KARX

Canyon, Texas; United States;
- Broadcast area: Amarillo metropolitan area
- Frequency: 107.1 MHz
- Branding: 107.1 Nash Icon

Programming
- Format: Country

Ownership
- Owner: Cumulus Media; (Cumulus Licensing LLC);
- Sister stations: KNSH, KPUR (AM), KPUR-FM, KQIZ, KZRK-FM

History
- First air date: 1981; 45 years ago
- Former call signs: KATP (1985–1988) KHWK (1988–1989) KPUR-FM (1989–2018)

Technical information
- Licensing authority: FCC
- Facility ID: 72038
- Class: A
- ERP: 6,000 watts
- HAAT: 96 meters

Links
- Public license information: Public file; LMS;
- Webcast: Listen Live
- Website: 107nashicon.com

= KARX (FM) =

KARX (107.1 FM), branded as "107.1 Nash Icon", is a radio station serving the Amarillo, Texas, area with a country music format.
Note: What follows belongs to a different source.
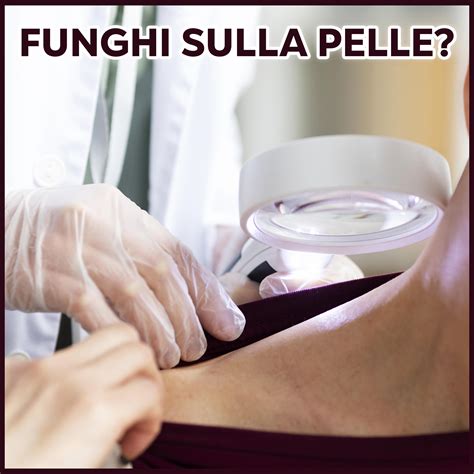 Diagramma che illustra le diverse tipologie di funghi patogeni per la pelle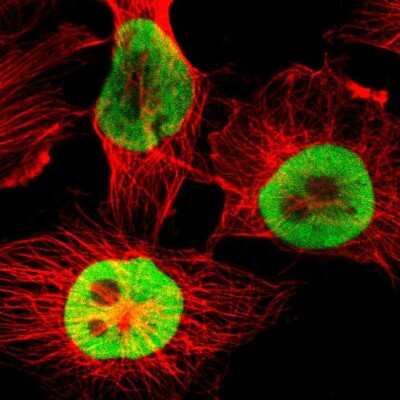 Immunocytochemistry/ Immunofluorescence: AUF1 Antibody [NBP1-88915]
This station broadcasts on FM frequency 107.1 MHz and is under ownership of Cumulus Media. Its studios are located at the Amarillo Building downtown on Polk Street, and its transmitter tower is based midway between Amarillo and Canyon proper along I-27 in unincorporated Randall County.

The station is an affiliate of the Dallas Cowboys radio network.

On January 15, 2018, the then-KPUR-FM switched formats with KARX and changed its name from "107.1 The Armadillo" to "107.1 Nash Icon". The stations swapped call signs on January 24, 2018, with KPUR-FM picking up the KARX call sign.